Cocoa states in Gloria Naylor’s “Mama Day”, “When I had come to New York seven years before that I had wondered about the need for such huge buildings. No one ever seemed to be in them very long; everyone was out on the sidewalks moving, moving, moving- and to where?” Cocoa starts out as a lost cause, going to New York as a resident tourist. Meeting George saved her vision of New York . . . . He knew what it was really about, “New York wasn’t on those Manhattan sidewalks, just the New Yorkers. My city was a network of small towns, some even smaller than here in Willow springs. It could be one apartment building, a handful of blocks, a single square mile hidden off with its own language, newspapers and magazines- its own judge and juries. You’d never realize that because you went and lived on our fringes.”
Cocoa was living in New York and had resided there for seven years, but was she seeing the real New York?
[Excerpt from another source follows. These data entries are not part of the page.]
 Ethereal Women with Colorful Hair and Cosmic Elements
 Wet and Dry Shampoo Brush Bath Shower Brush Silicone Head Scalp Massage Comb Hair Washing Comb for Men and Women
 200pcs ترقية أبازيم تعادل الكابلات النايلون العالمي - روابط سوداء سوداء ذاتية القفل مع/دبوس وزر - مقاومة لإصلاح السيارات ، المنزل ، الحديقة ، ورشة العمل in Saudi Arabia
Or was she seeing a New York fantasy world? …A forever-tourist New York resident. George insists that New York is much more than its’ buildings or looks, it’s the little things, “To live in New York you’d have to know about the florist on Jamaica Avenue who carried Yellow roses even though they didn’t move well, but it was his dead wife’s favorite color. The candy store in Harlem that wouldn’t sell cigarettes to twelve year olds without notes from their mothers. That they killed chickens below Houston, prayed to Santa Barbara by the East River and in Bensonhurst girls were still virgins when they married.”
One of the reasons why George offered to show Cocoa around New York was because she needed a “guide”. She had lived in New York for seven years and still had thought like a tourist, the same way of thinking she had had when she arrived seven years earlier. George did not want anything from Cocoa either, which might have scared her, “You just hadn’t met a man who wanted absolutely nothing from you but honesty.”
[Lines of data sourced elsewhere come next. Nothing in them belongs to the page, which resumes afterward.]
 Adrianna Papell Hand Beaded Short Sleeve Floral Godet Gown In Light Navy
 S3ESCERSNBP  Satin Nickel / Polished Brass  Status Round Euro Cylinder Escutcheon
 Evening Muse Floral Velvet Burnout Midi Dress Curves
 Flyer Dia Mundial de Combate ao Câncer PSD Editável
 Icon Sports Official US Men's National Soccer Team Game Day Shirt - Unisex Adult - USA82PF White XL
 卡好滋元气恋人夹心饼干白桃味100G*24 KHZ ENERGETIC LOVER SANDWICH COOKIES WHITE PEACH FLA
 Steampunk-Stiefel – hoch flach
The first change in Cocoa was her view on New York. She completely changed how she saw things. She wrote letters to Mama Day and in response to one of the letters, Mama Day said, “Baby girl was seeing New York with someone special.”
Cocoa’s next change was not calling people food. She had had a big problem by calling people “fudge-sticks, kumquats, bagels, zucchinis, cherry-vanilla and tacos”. But as George and Cocoa’s friendly affair continued around New York every weekend, Cocoa’s bad habit stopped, and George was the first to notice, “you were learning the difference between a Chinese, a Korean, a Vietnamese, a Filipino, that Dominicans and Mexicans weren’t all Puerto Ricans. You could finally pick out German Jews, Russian Jews, Hasidies and Israelis.”
Not only was Ophelia changing, but George was changing too. “I was so busing enjoying the change in you, I didn’t notice it in myself. Sure I’d was any old pair of jeans stomping around the streets alone and the ones I met you in were freshly pressed. I’d gone into taking a moment over deciding which aftershave from two days of not shaving at all.” George really cared about how he appeared to Ophelia.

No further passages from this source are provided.